こんなに時間が経つものかなと思い横を見るとタチがいません。
私は全身の毛がよだつ思いがしました。
急いで立ちましたがそれらしい影はありません。
こんな広い草原なんだから大抵のものは見えるはずなのに。
夜の暗がりではありましたが月はしんしんと灯りを漏らしているというのに。
とうとう私はタチー!と叫びました。
しかし返事はありません。
遠くへ、遠くへ私を置いていってしまったのか。
私は泣きじゃくりながら走りに走りました。
走り続けるうち朝になって太陽が上がってきました。
それでも私は足をゆるめませんでした。
依然としてタチはいません。
「タチ、タチ!タチ!」 
私は一直線にかけていきます。
私は置いて行かれたのだ。
今までで一番信頼していたタチに裏切られたのだ。
私はその思いを忘れようとブンブン頭を振りながら走りましたが涙が飛ぶだけで裏切りの思いはゴムのように絡みついてきます。
(私はもう諦めた。自分で出口を探すのだ。
見つけてタチを蔑んでやる。
ざまあみろと叫んでやる。
今はただ一心に走るばかりだ。)
そうしていると、向こうの方に木が見えました。
やった。
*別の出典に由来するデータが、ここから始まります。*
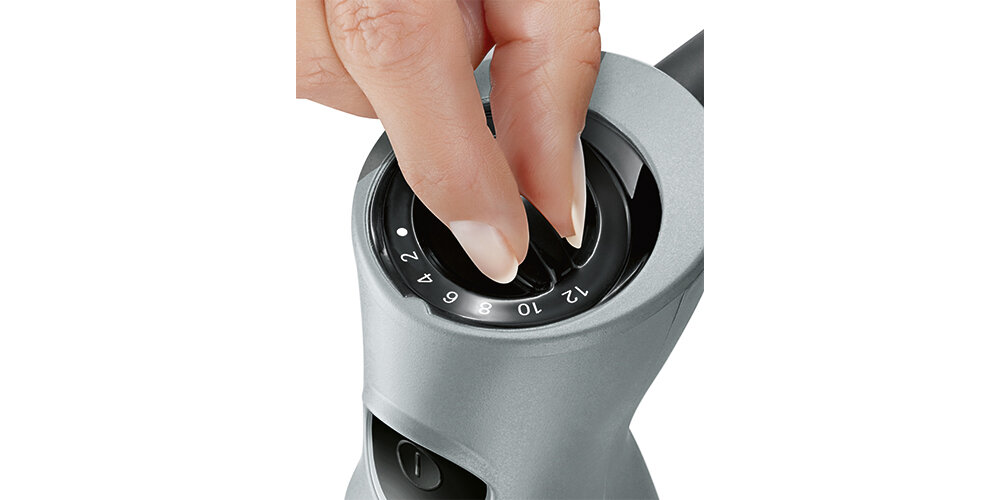 Blender BOSCH ErgoMixx MSM67170 zdjęcie lifestyle Regulacja prędkości Płynna regulacja z 12 poziomami prędkości Przycisk Turbo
草原から抜け出せるぞ。
私はそう感じてもっと速く足がちぎれんばかりに走りました。
りんごの木でした。
私はむしゃぶりついて一気に3つ食べてお腹をおさめました。
そうして顔を上げるとりんごの木がたくさんある中で一つだけ栗の木があります。
私は自分の奥で確かにドクンという音を聞きました。
体が冷たくなっていきます。
そうだ、これが始まりだったのです。
私は四つ目のりんごを地面に落としてブルブル震えながらやっと後ろを向いて走り出しました。
けれどもけれども栗の木は頭に焼きついて今にでもそこにあるような気がしてますますぞっとしました。
私はもうタチのことより自分のことを案じたほうが良いと悟って走っていきます。
隣で風がひゅうと怒鳴る。
私は何も答えずにひたすら走る。
足の感覚はもうなくなっていました。